R Fuego The Forgotten Coupe That Deserved Legendary Status

Samitaha Khaliq
Last updated: July 6, 2026 5:24 pm
Samitaha Khaliq 18 Min Read
Front view of a classic R Fuego coupe illuminated at night.

I still remember the first time a red car caught my eye on road trips as a kid, and it turned out to be a R Fuego. This is not the kind of car you read about on sites like austin-rover.co.uk because of some racing pedigree; it earns its splendid reputation simply by looking the part.

Contents
R FuegoDesign, History & DevelopmentModel Range & PricingRenault Fuego TurboProduction End & LegacyFirst Drive ImpressionsEarly Impressions of the Fuego GTXFAQs of R FuegoWhat is the Renault Fuego?How rare is the Renault Fuego today?Was the Renault Fuego fast?Who designed the Renault Fuego?Why did the Renault Fuego disappear?

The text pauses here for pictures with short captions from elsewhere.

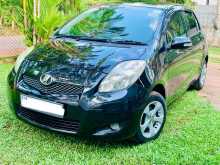 Toyota Vitz 2009 Car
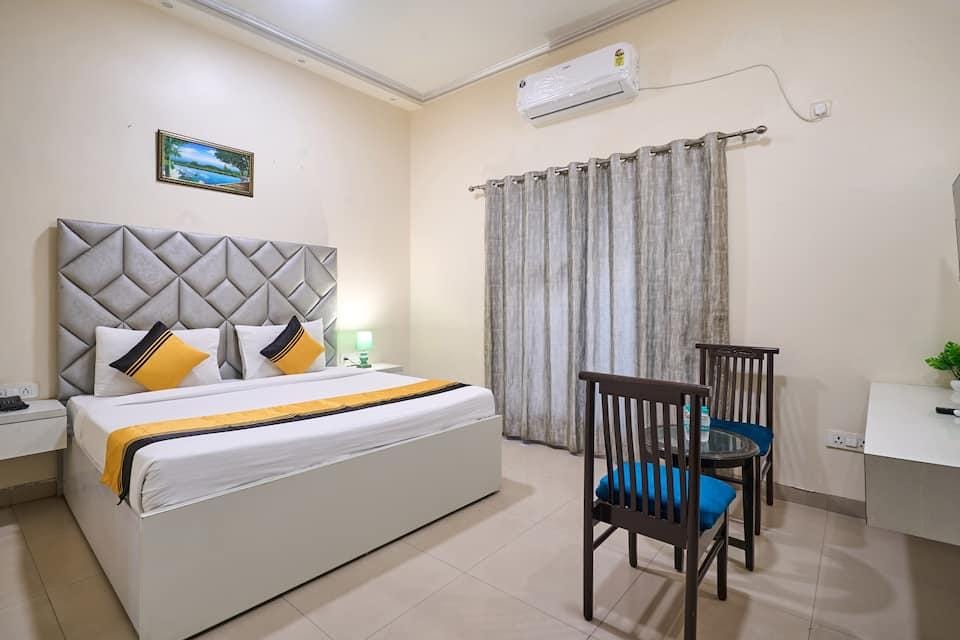 Itsy Hotels Golden Vista Near Noida City Centre Hotel in Noida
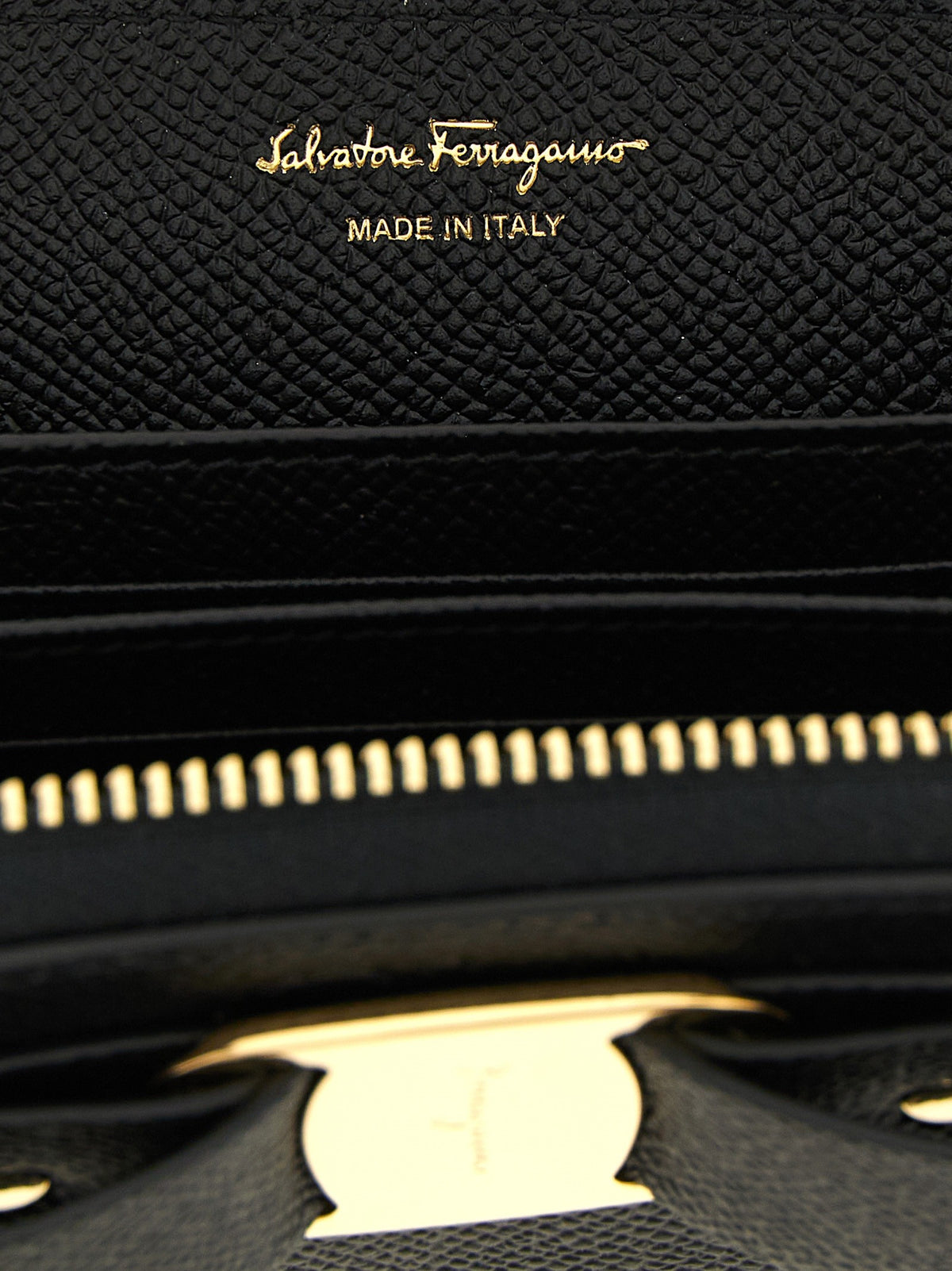Ferragamo Vara Bow Card Holder Black, view 3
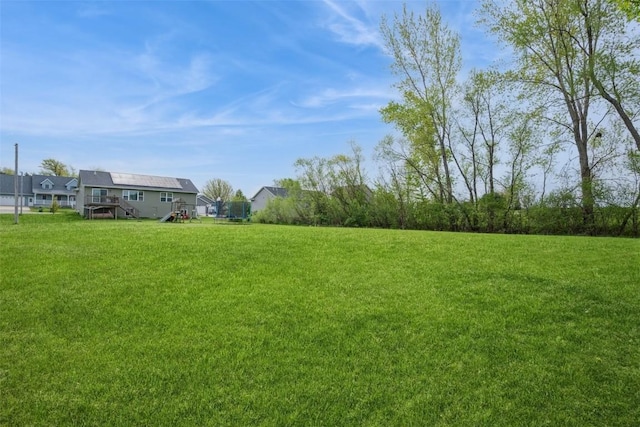 view of green lawn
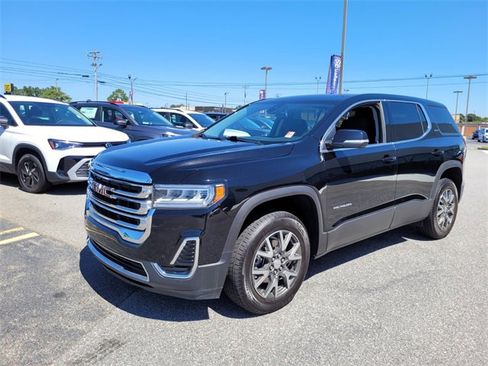 Used 2022 GMC Acadia SLE image 3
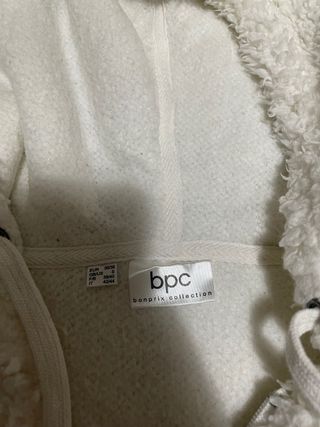 Giacca in pile bianco con cappuccio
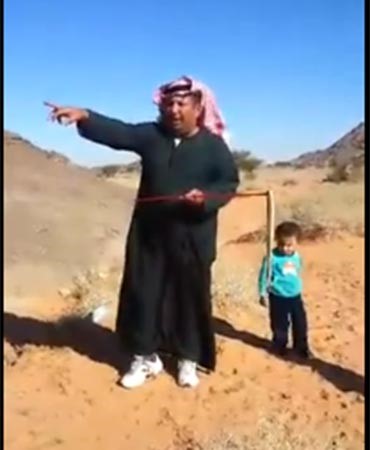 بالفيديو... كيف أنقذ عصفور مواطناً سعودياً من هجوم الأفعى عليه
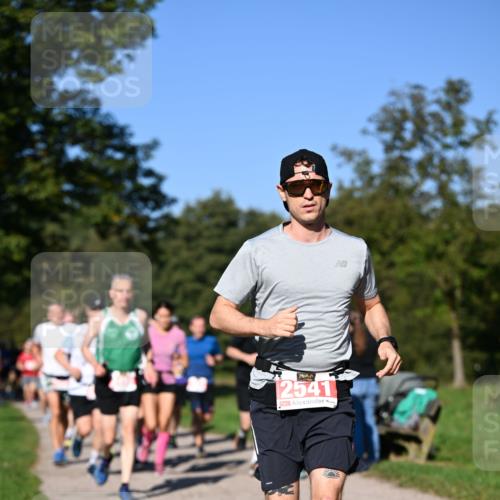 22.09.2024 - 32. Volkslauf durch das schöne Alstertal Dr. Thomas Lammeyer http://msf.ph/oto/7106738 22.09.2024 10:25:43 Laufen 2541 meine-sportfotos.de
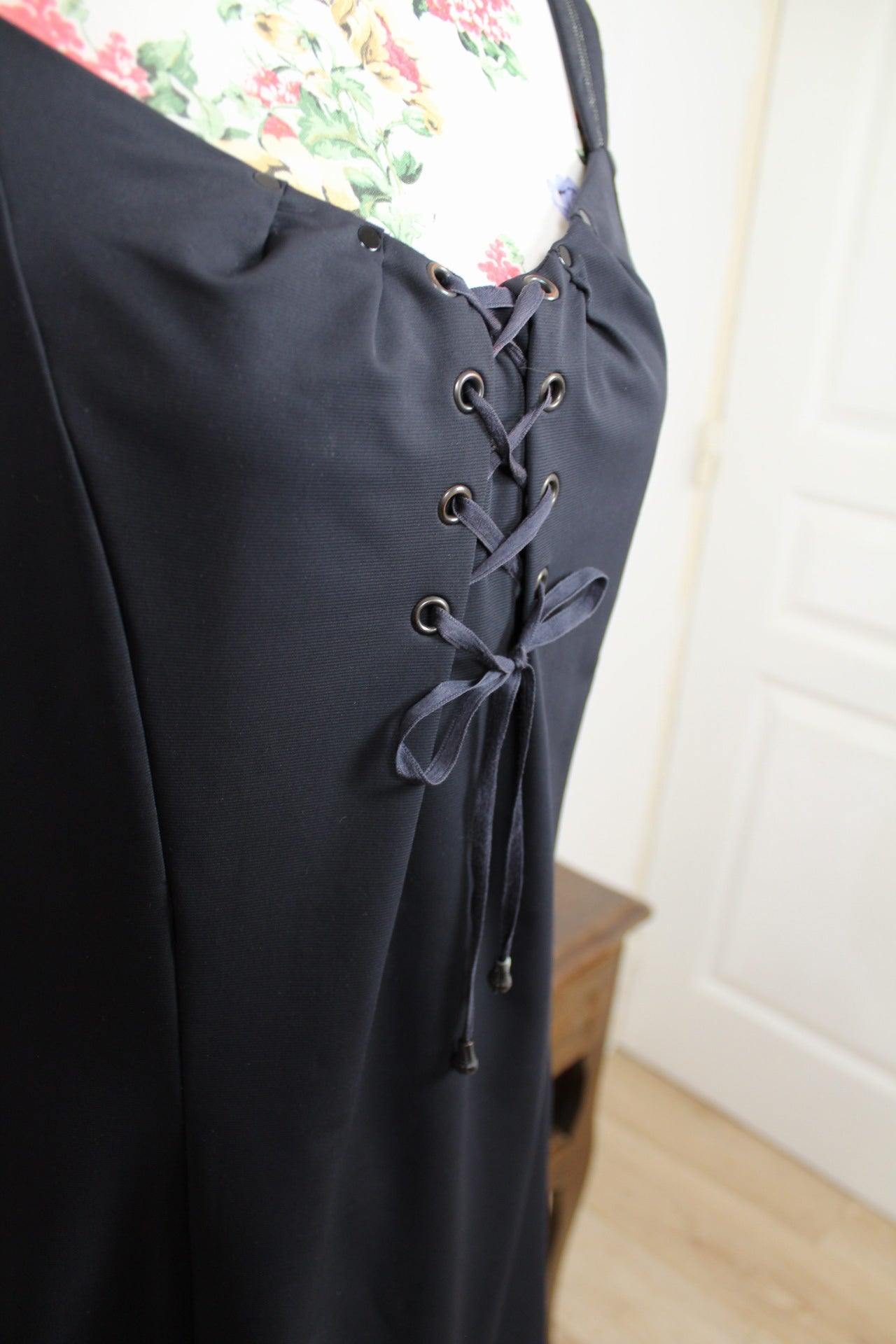 🍒🌸Robe noire Voodoo avec laçage corset - Taille 40🌸🍒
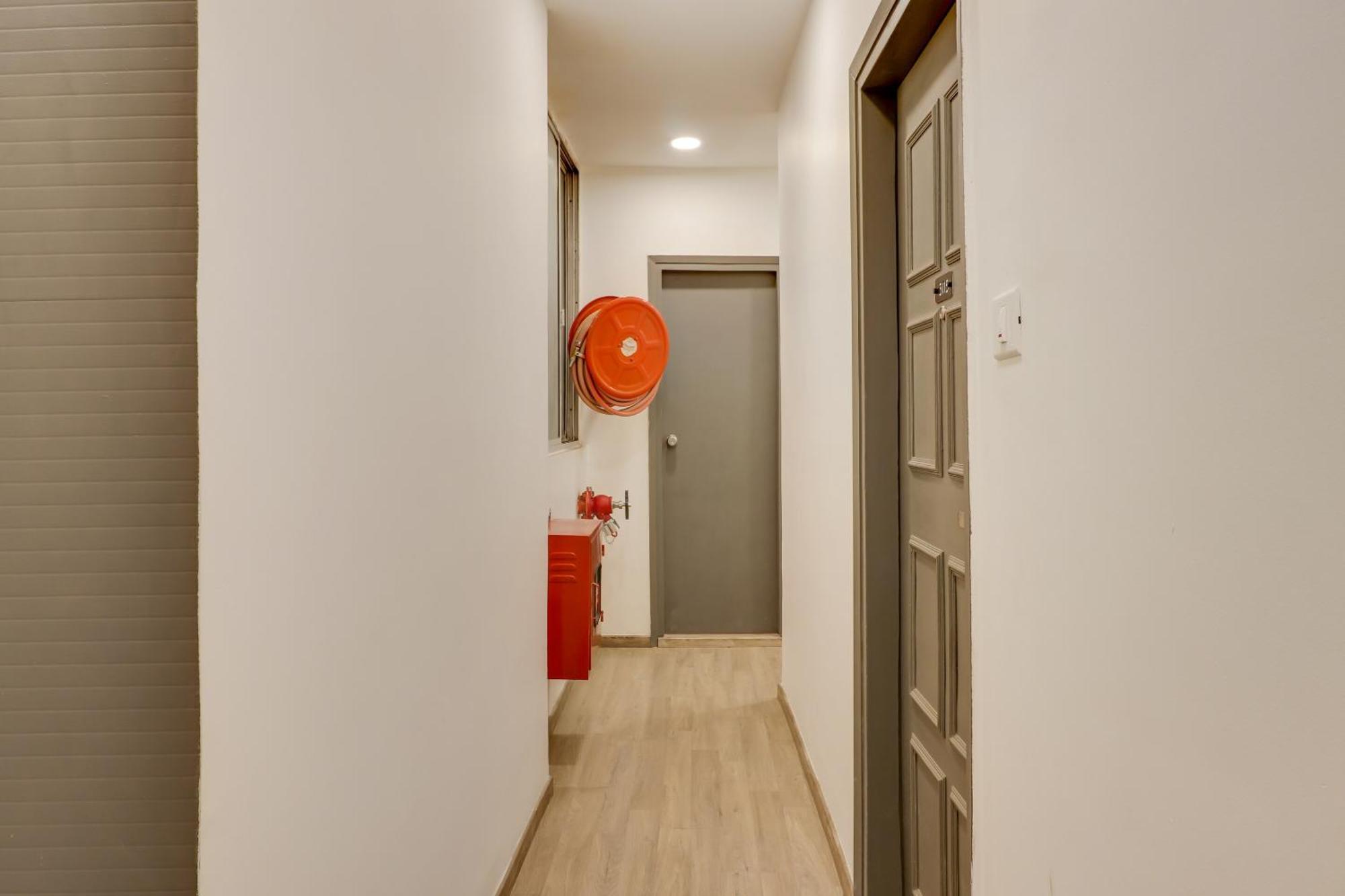 ホテル Townhouse Woodland ナーグプル エクステリア 写真
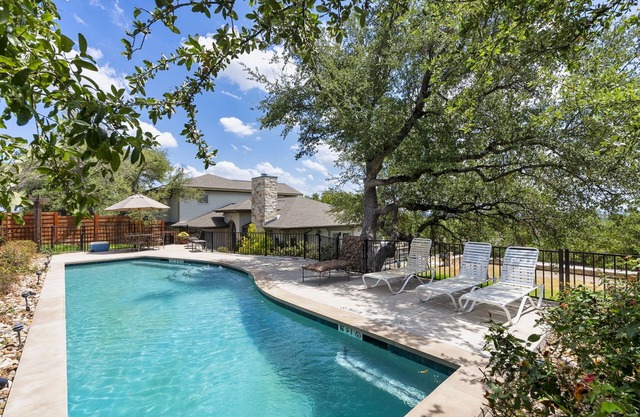 Exceptional Lake Travis Estate w/Spectacular Pool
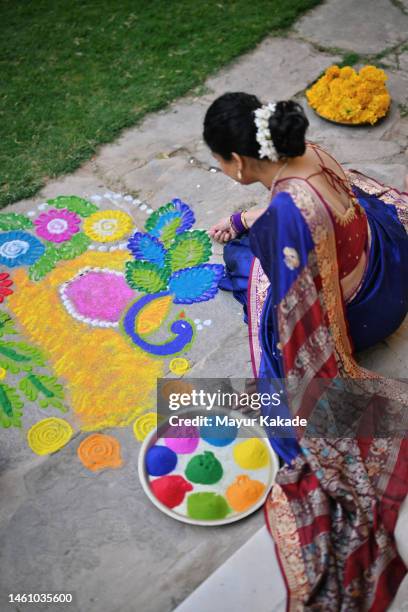 Bangle Maker 463 Bangle Maker Stock Photos, High-Res Pictures, and Images - Getty Images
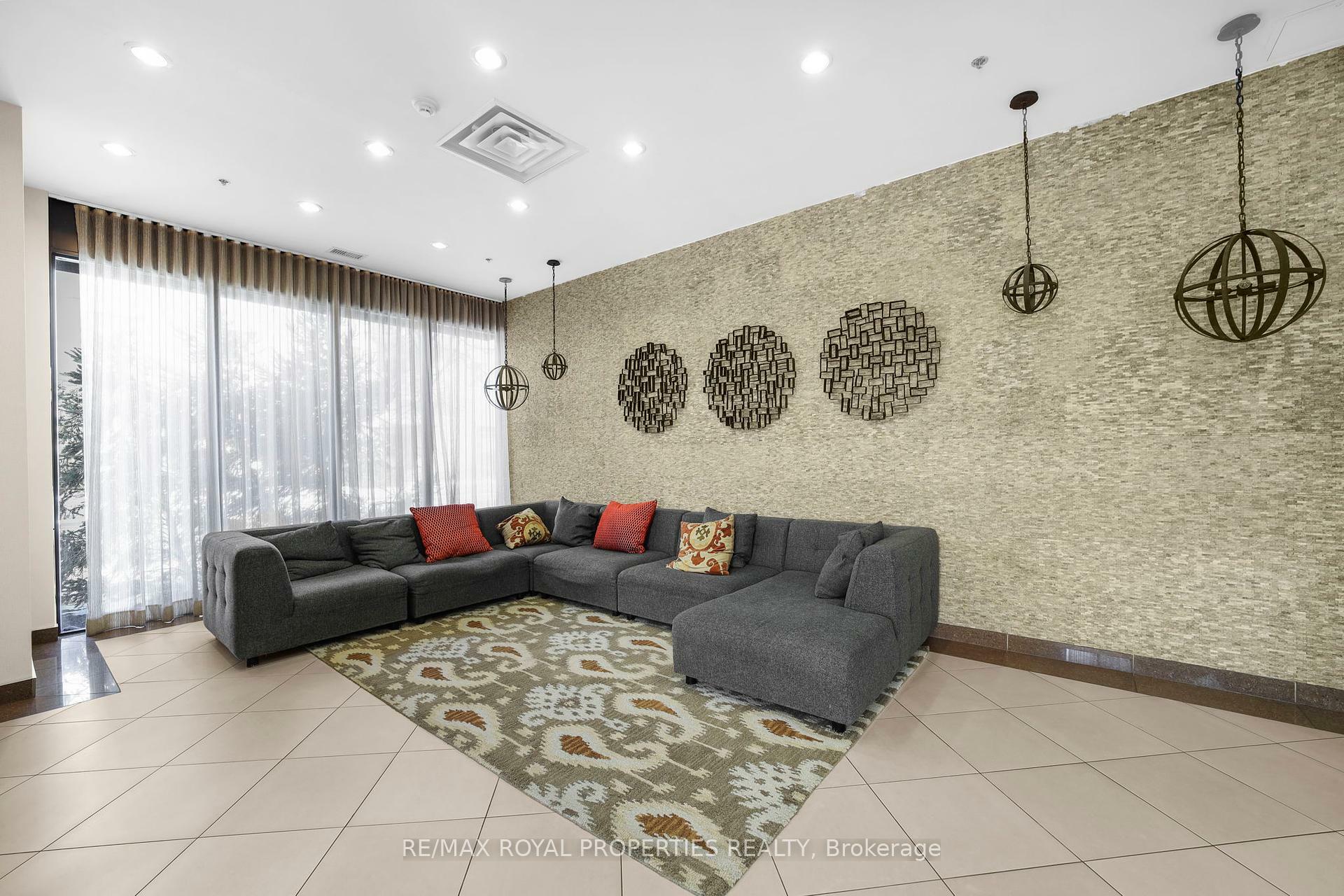 Property Photo: 760 Sheppard Avenue W 309 ON M3H 0B3
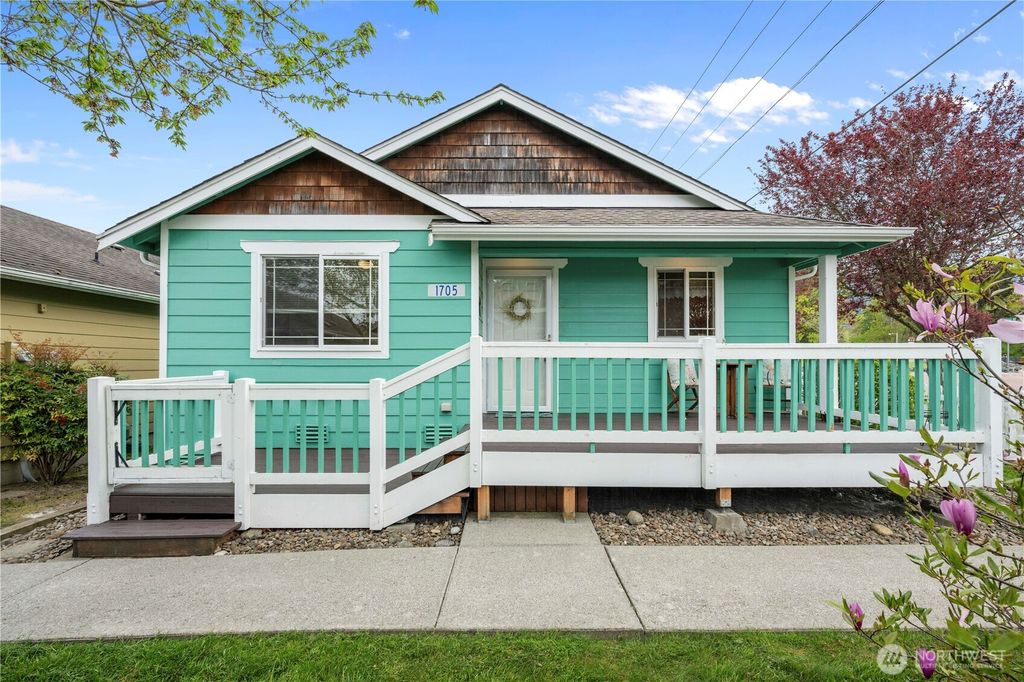 1705 Wildflower Way, Sedro Woolley, WA 98284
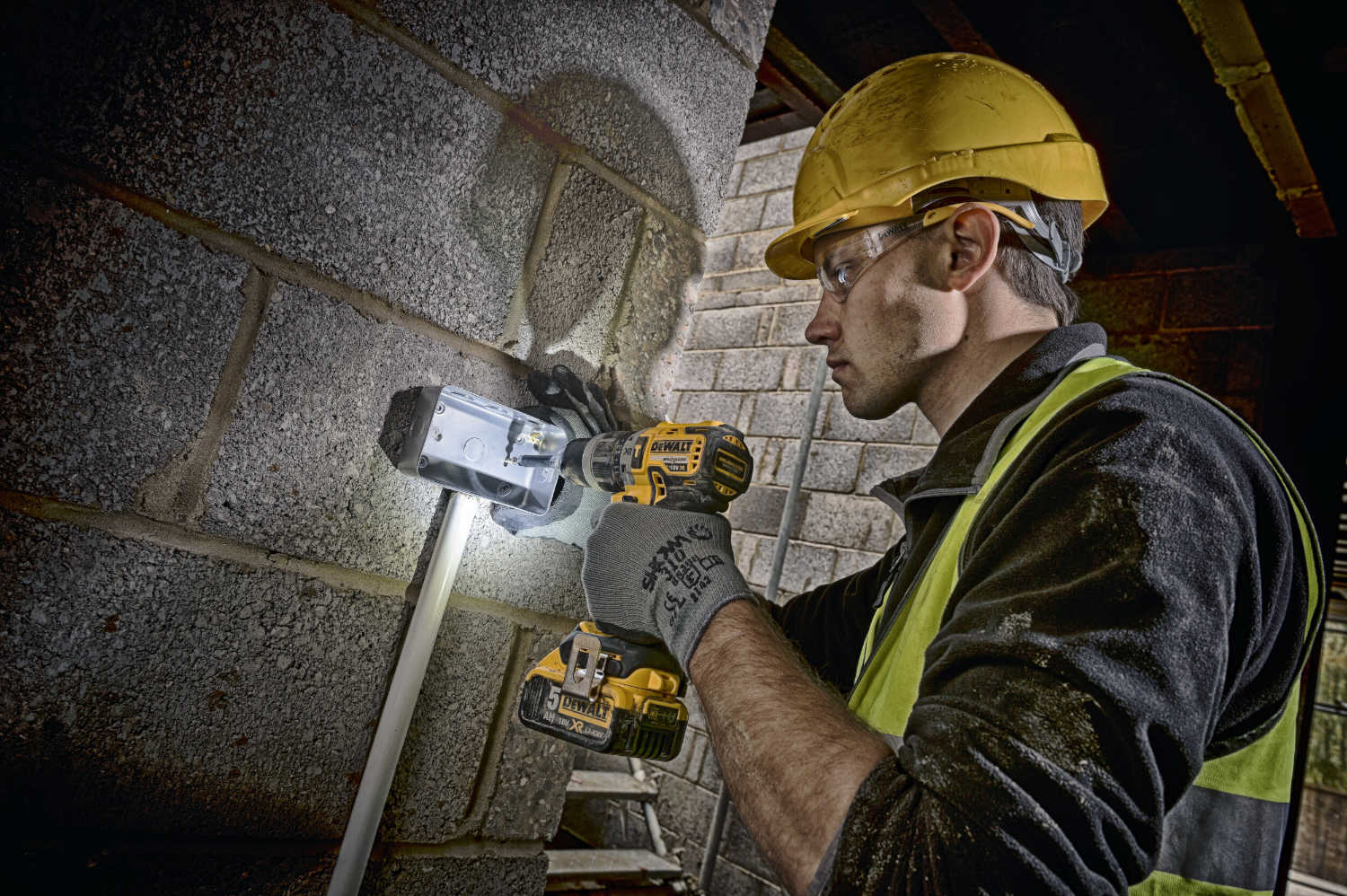 Wkrętarki i wiertarkowkrętarki, akcesoria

Back in 1980, this four-seater coupe rolled out with a striking shape and a genuine showroom appeal that few rivals could match, and by 1982 the 1982 Renault Fuego had already built a name for itself across Europe as the best-selling coupe of its class.

R Fuego

Car enthusiasts like Ian Brooks still talk about the 1980s design language of the Fuego, a car built on French avant-garde design principles rather than following the crowd.

Picture it parked next to a Rover 75 or cruising past on-screen in a low-speed chase scene worthy of Bergerac, outshining even a Triumph Roadster and playing the hero rather than the villain of the story.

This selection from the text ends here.